As published by the Riigi Teataja, the Economics Department of the Ministry of Finance of the Republic of Estonia announced that the Money Amendment Act (RT 30 of 1933) §§ 4 and 5, allowed the Economics Department of the Ministry of Finance to put in circulation the one-kroon coin as of 1 August 1934. The shape, dimensions, hardness, and metal composition amended within the meaning of the Act remained as such according to the law, but had yet to be approved by the government.

On 25 November 1940, the Occupation of the Baltic states by the Soviet authorities put into circulation the ruble, and on 25 March 1941, three months before the outbreak of the war with the Third Reich, the Estonian crown was withdrawn from circulation. During the German (1941-1944) and Soviet (1944-1991) occupation of Estonia, foreign currency introduced by the occupiers remained in circulation.

==Designing==
As in the case of the Estonian Mark, the Bank of Estonia announced a competition for the design of new banknotes and coins to be held on 4 June 1926. The competition was attended by many well-known artists of the period such as Eduard Wiiralt, Peet Aren, Roman Nyman, and Nikolai Triik. The winner was graphic artist Günther Reindorff, who had already designed the coins for the Estonian mark.

Coined in aluminum-bronze, the coin shows a golden color and weighs 6 grams (permissible error of ± 1%), has a diameter of 2.525 inches (± 0.5%), with value equivalent to 0.4032 grams of gold, being its edge smooth. The obverse of the coin bears in the center a large state seal, the coat of arms of Estonia, topped with an arc-shaped text which reads "Eesti Vabariik", and the year of issue "1934" at the bottom edge. The reverse depicts the Viking ship knarr (knorr) at sea, under which the inscription 1 kroon appears.

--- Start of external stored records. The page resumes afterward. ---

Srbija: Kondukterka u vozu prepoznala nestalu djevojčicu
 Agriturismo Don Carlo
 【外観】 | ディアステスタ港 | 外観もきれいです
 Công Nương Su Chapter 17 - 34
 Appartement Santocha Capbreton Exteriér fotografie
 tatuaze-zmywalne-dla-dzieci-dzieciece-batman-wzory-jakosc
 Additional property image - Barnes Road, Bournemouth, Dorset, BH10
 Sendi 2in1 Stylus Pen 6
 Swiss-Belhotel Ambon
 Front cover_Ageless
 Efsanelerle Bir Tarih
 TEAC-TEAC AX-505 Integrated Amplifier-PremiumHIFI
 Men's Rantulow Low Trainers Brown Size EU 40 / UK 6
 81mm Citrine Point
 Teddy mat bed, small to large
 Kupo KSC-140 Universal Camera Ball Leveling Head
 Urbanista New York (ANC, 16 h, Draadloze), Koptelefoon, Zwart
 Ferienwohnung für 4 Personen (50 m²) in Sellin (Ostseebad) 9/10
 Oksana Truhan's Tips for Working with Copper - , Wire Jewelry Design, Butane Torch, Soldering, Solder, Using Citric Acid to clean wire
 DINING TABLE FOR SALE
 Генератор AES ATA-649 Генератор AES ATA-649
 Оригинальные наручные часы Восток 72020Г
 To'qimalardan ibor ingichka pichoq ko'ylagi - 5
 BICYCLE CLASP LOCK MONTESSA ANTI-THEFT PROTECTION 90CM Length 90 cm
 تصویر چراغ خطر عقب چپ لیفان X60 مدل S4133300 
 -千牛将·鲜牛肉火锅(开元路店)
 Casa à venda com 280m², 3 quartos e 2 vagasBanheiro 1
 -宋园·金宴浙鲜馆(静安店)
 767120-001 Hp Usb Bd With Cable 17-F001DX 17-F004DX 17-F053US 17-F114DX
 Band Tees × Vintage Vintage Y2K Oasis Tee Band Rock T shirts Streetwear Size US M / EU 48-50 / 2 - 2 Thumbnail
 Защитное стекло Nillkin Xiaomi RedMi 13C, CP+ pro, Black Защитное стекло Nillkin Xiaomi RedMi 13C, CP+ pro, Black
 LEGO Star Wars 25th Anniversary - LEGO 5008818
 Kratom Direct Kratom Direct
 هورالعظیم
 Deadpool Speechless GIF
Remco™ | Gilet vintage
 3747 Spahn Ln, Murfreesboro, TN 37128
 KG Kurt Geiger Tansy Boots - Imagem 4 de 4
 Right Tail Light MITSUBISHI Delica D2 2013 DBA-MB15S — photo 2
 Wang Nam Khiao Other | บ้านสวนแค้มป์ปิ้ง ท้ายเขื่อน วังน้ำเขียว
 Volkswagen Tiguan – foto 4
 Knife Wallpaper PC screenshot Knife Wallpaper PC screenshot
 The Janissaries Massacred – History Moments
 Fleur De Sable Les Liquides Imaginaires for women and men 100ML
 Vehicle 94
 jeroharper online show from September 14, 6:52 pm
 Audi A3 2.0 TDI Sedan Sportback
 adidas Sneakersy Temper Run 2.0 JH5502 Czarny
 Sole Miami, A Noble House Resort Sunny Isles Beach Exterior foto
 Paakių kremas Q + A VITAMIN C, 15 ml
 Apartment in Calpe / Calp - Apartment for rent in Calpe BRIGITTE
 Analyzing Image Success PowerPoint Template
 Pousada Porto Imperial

Coins with the same design were minted in 1990, but they are not legal tender, having been produced as souvenirs. One version is even less original, having a diameter of only 16 mm and on the front the inscription "Eesti" instead of "Eesti Vabariik". These coins are both made of gold as well as silver. Another re-issued version of the coin is about its original size, but the quality of the parts is much worse.

In 2012, the 1934 one-kroon coin was voted "the prettiest coin ever to be in circulation in Estonia".